Beyond guilty by association at scale: searching for causal variants on the basis of genome-wide summary statistics.
Zihuai HeBenjamin ChuJames YangJiaqi GuZhaomeng ChenLinxi LiuTim MorrisonMichael E BelloyXinran QiNima HejaziMaya MathurYann Le GuenHua TangTrevor J HastieIuliana Ionita-LazaChiara SabattiEmmanuel CandèsPublished in: bioRxiv : the preprint server for biology (2024)

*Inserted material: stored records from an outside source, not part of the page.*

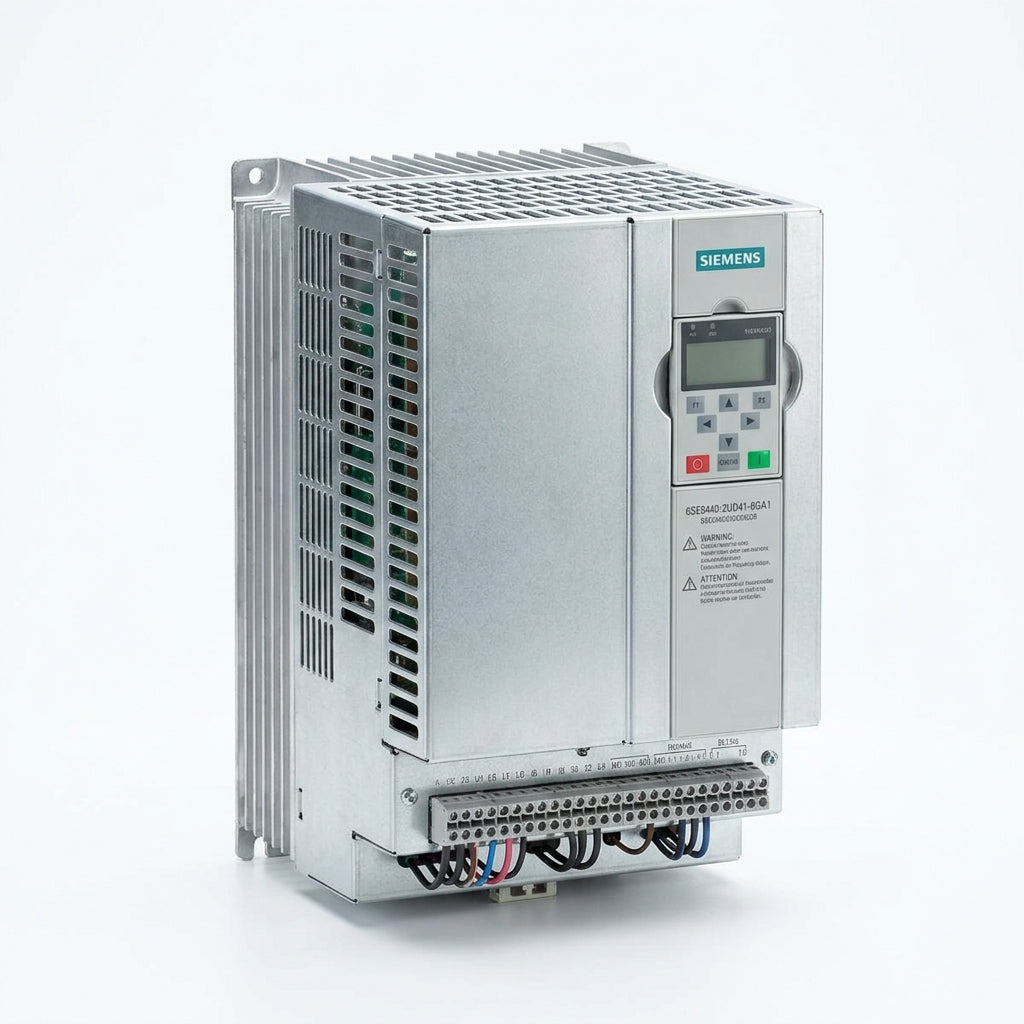 Siemens 6SE6440-2UD41-6GA1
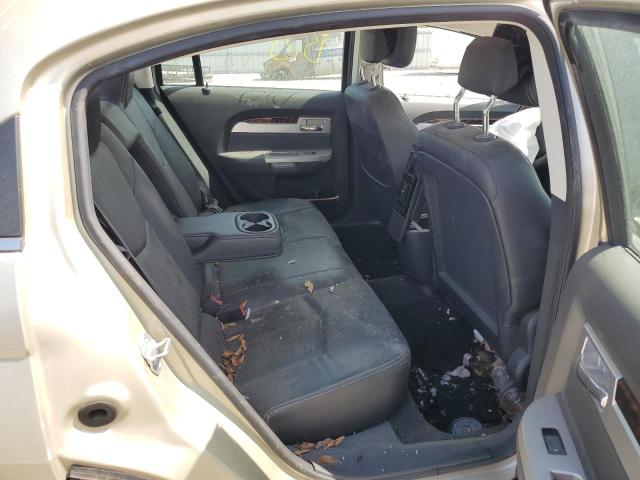 Photo 6 from auction – 2010 CHRYSLER SEBRING LI with VIN 1C3CC5FBXAN111870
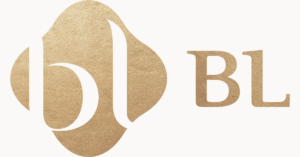 BL Lashes Logo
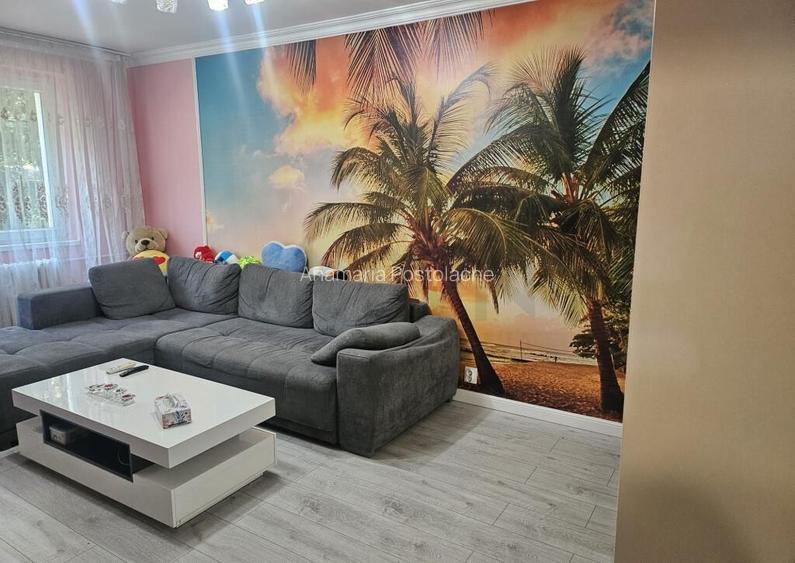 Apartament 3 camere de l Teiul Doamnei l Mobilat Utilat Apartament 3 camere de l Teiul Doamnei l Mobilat Utilat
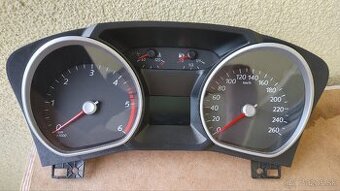 Ford budiky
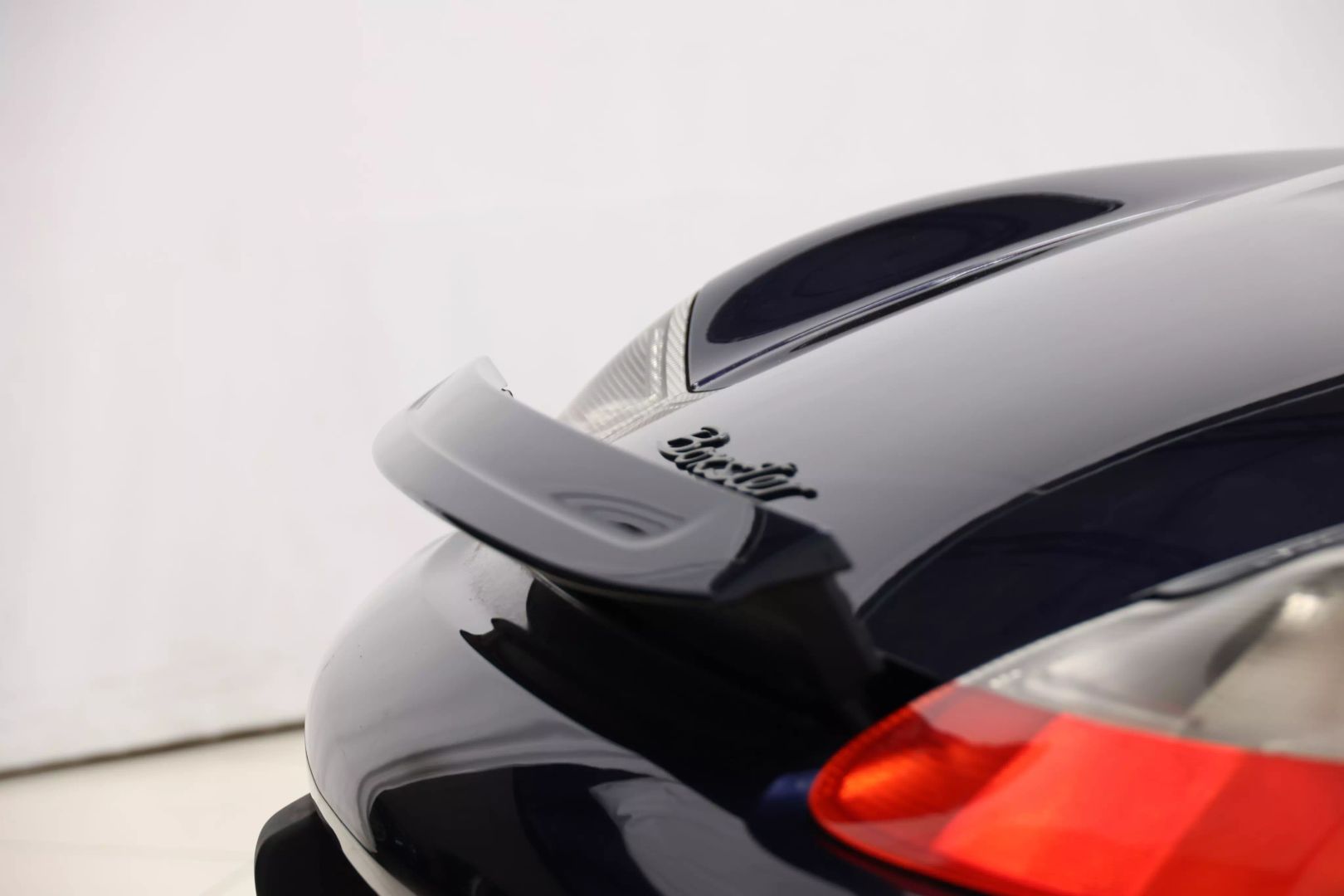 2003 Porsche Boxster - Image 73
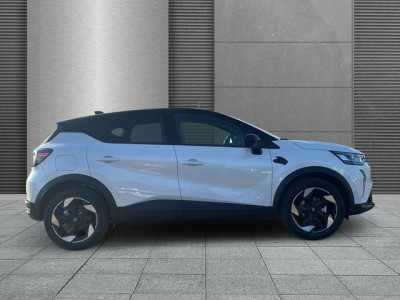 Renault Captur Tageszulassung
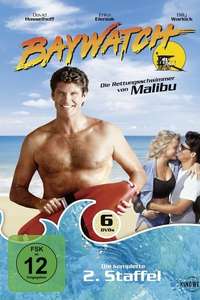 Baywatch - Posters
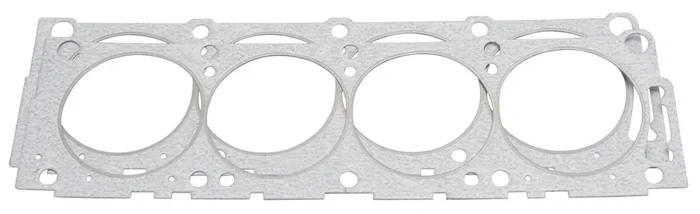 Edelbrock 7337 GASKET, HEAD, FORD FE 390-428 CID QTY 2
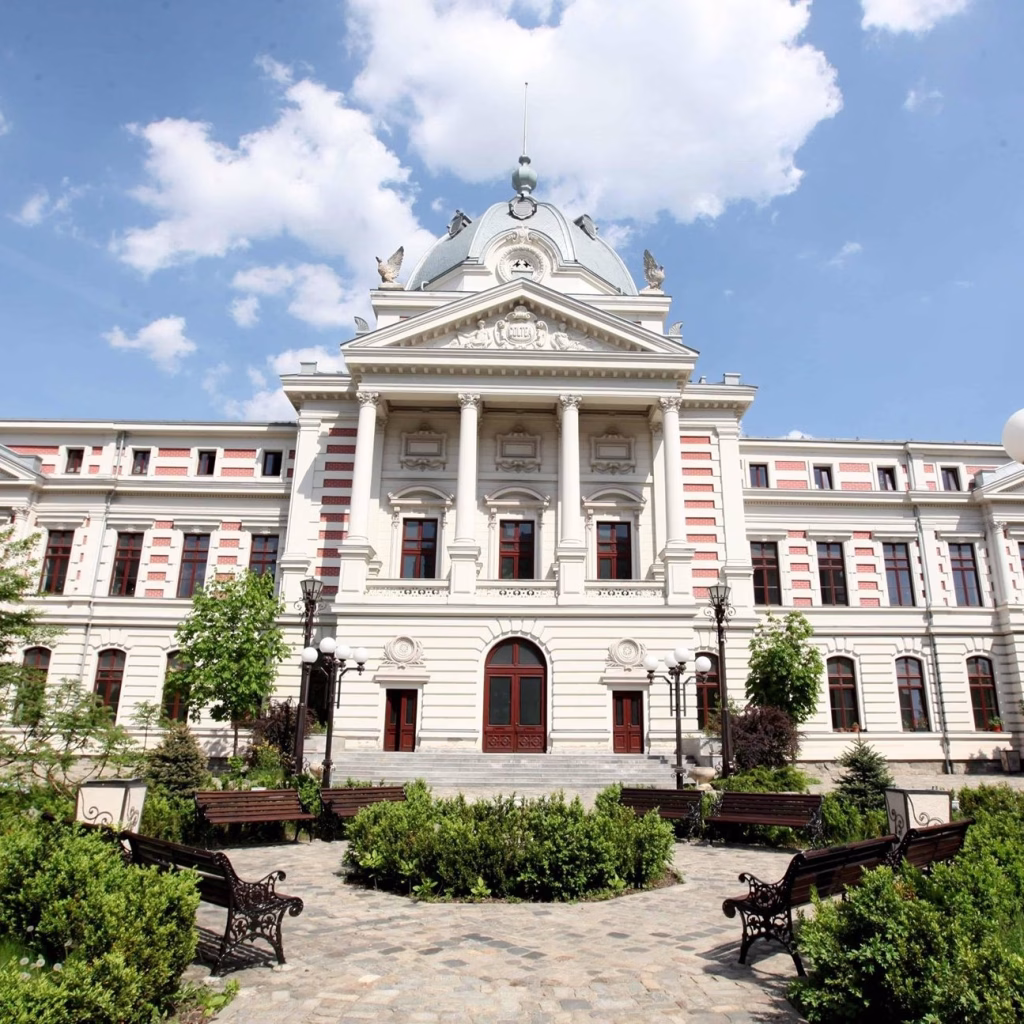 Școala Părinților” revine la Colțea în august - Bucuresti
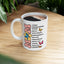 Mother's Day Mug - Mom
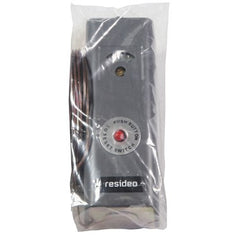 Raypak 009554F Aquastat High Limit 40-180F Manual Reset | Midwest Supply Us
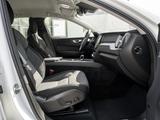 Volvo XC60 B4 Core RÜCKFAHRKAMERA ACC - Volvo: C60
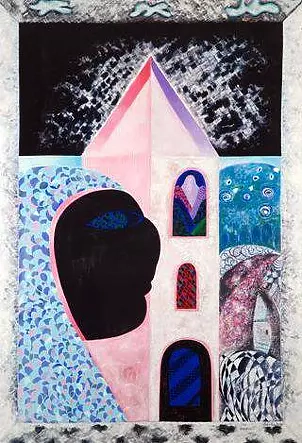   - The eternal wanderer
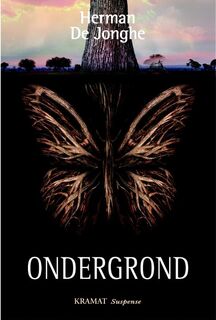 Ondergrond - Herman De Jonghe (ISBN 9789462420519)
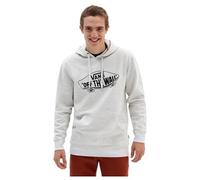 Vans Men's Hoodie Otw II Grey Code VN0A45CKOHC, grey / black, XL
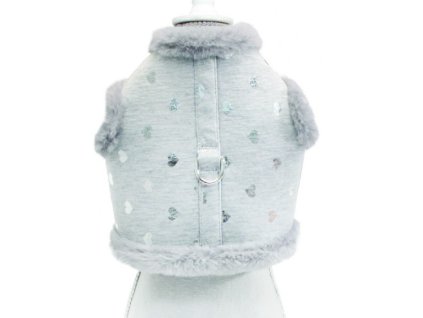 29596 croci soft heart postroj m 41 48 cm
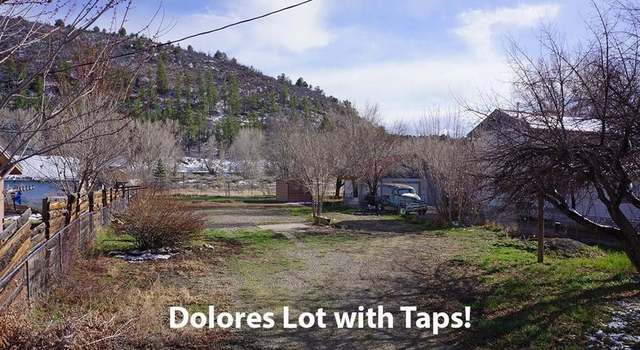 Photo of 206 Riverside Ave, Dolores, CO 81323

Understanding the causal genetic architecture of complex phenotypes is essential for future research into disease mechanisms and potential therapies. Here, we present a novel framework for genome-wide detection of sets of variants that carry non-redundant information on the phenotypes and are therefore more likely to be causal in a biological sense. Crucially, our framework requires only summary statistics obtained from standard genome-wide marginal association testing. The described approach, implemented in open-source software, is also computationally efficient, requiring less than 15 minutes on a single CPU to perform genome-wide analysis. Through extensive genome-wide simulation studies, we show that the method can substantially outperform usual two-stage marginal association testing and fine-mapping procedures in precision and recall. In applications to a meta-analysis of ten large-scale genetic studies of Alzheimer's disease (AD), we identified 82 loci associated with AD, including 37 additional loci missed by conventional GWAS pipeline. The identified putative causal variants achieve state-of-the-art agreement with massively parallel reporter assays and CRISPR-Cas9 experiments. Additionally, we applied the method to a retrospective analysis of 67 large-scale GWAS summary statistics since 2013 for a variety of phenotypes. Results reveal the method's capacity to robustly discover additional loci for polygenic traits and pinpoint potential causal variants underpinning each locus beyond conventional GWAS pipeline, contributing to a deeper understanding of complex genetic architectures in post-GWAS analyses.